I'm trying to find the general formula or more like understanding of how to choose resistor values to limit the voltage ratio when using a potentiometer.
A potentiometer is equal to a voltage resistor divider where the ratio depends on the resistor value. Okay, so you can tune from 0% to 100% which means for a Vin of 5V for example, from 0 to 5V.
Now let's say I want to limit this ratio to a certain value as from 50% to 70% to obtain a Vout ranged from 2.5V to 3.5V. So then, I'm sure when I will change the potentiometer value the voltage will be limited between this voltage range.
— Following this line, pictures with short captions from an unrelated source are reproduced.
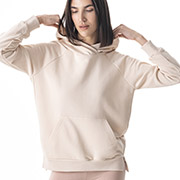 Жіноче худі 24130 German Volf бежевий із принтом ангела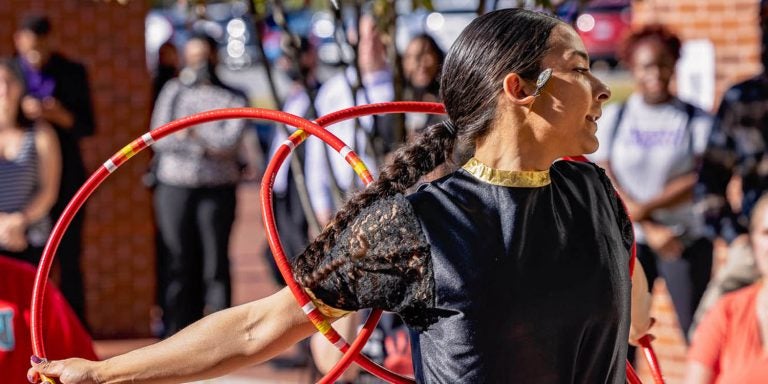 ECU dedicated a new space outside the Main Campus Student Center to honor and recognize the region’s Indigenous communities in November. The university was recognized as a 2022 Diversity Champion by INSIGHT magazine. (Photos by Cliff Hollis)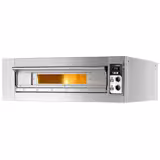 Forno elettrico per pizza - Platea in mattoni refrattari - 1420x1380mm - 9 pizze Ø33cm - fino a 400°C - Meccanico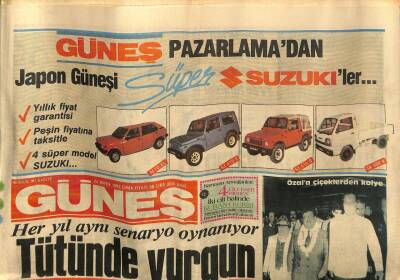 Güneş Gazetesi 24 Mayıs 1985 - Tütünde Vurgun GZ60750 - 2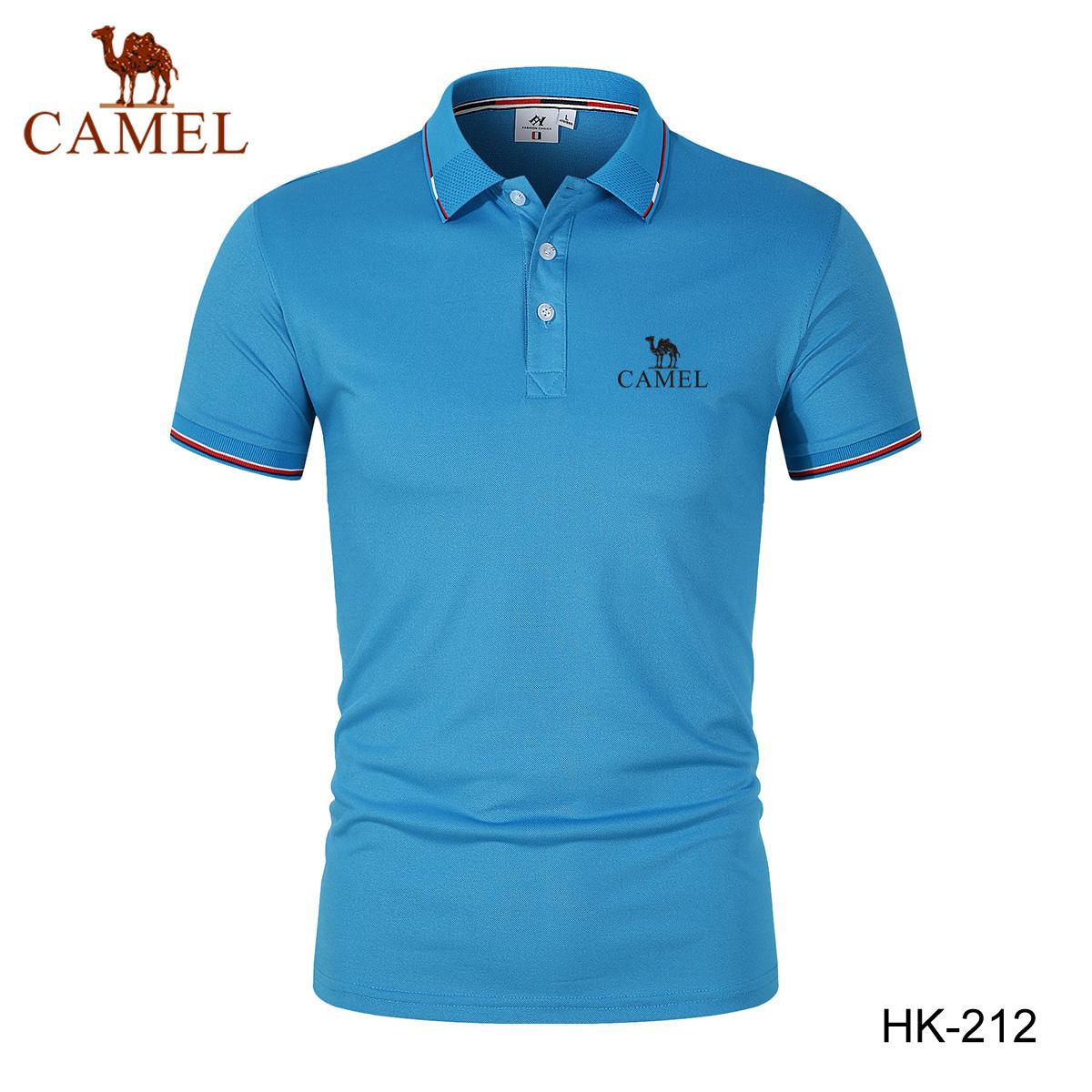 

2024 летняя новая рубашка-поло с вышивкой и воротником-поло для мужчин и женщин для бизнеса и отдыха 4XL озеро синий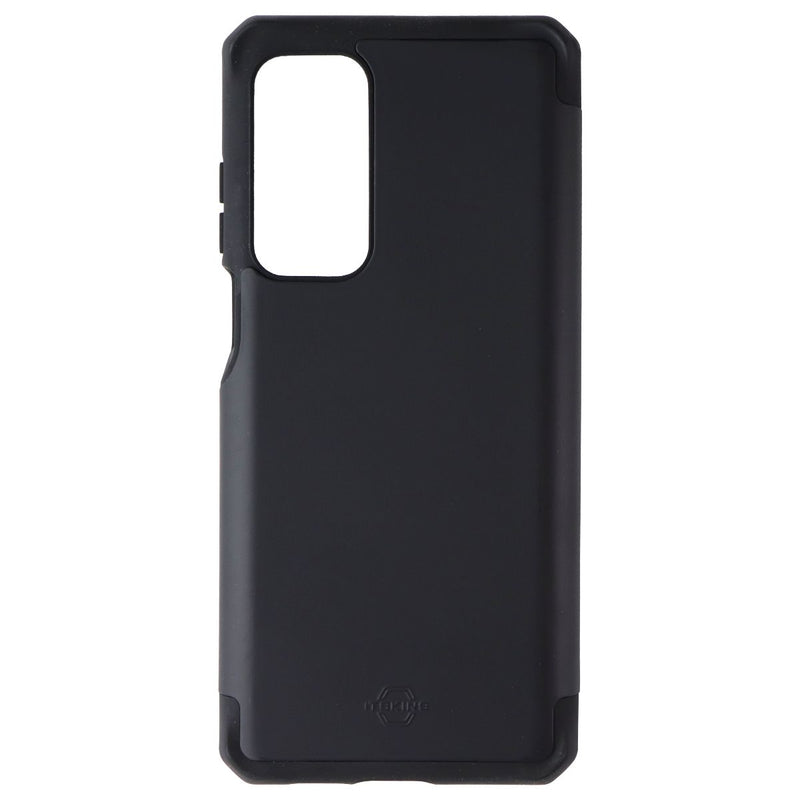 ITSKINS Hybrid_R // Drive Series Case for Motorola Edge (2021) - Black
I understand by adding a grounded series resistor the ratio will then change to constrained value since when the potentiometer will be at min/max value, there will still be this resistor to take into account:
Which will give a new ratio of 50% to 100% (so if VCC = 5V, 2.5V to 5V) due to the 2k series resistance added. (2k/4k for min potentiometer state and 4k/4k for max potentiometer state)
But I can't get my head around how to now get arbitrary ratio as 50% to 70%.
What I am not seening ?
Thank you
Best Answer
If your 2k pot is to give you a span of 20% from 50% to 70% then you need \$ \frac {2k}{20} = 100 \ \Omega \$ per %.
So the bottom, 50%, resistor will be 50 x 100 = 5k.
The top, 30%, resistor will be 30 x 100 = 3k.
Generally you will be constrained by the available potentiometer values. Pick one that suits and calculate the other resistors afterwards.
simulate this circuit – Schematic created using CircuitLab
Using min and max in percentage form:
$$ R_1 = \frac {R_2 \cdot (100 - max)}{max - min} $$
$$ R_3 = \frac {R_2 \cdot min}{max - min} $$
Testing for your example with a 2k pot and a 50% to 70% adjustment range:
\$ R_1 = \frac {R_2 \cdot (100 - max)}{max - min} = \frac {2k \cdot (100 - 70)}{70 - 50} = 3k \$
\$ R_3 = \frac {R_2 \cdot min}{max - min}= \frac {2k \cdot 50}{70 - 50} = 5k \$
Obviously, min can be set as low as 0% and max to 100% which will result in R3 or R1 being 0 Ω.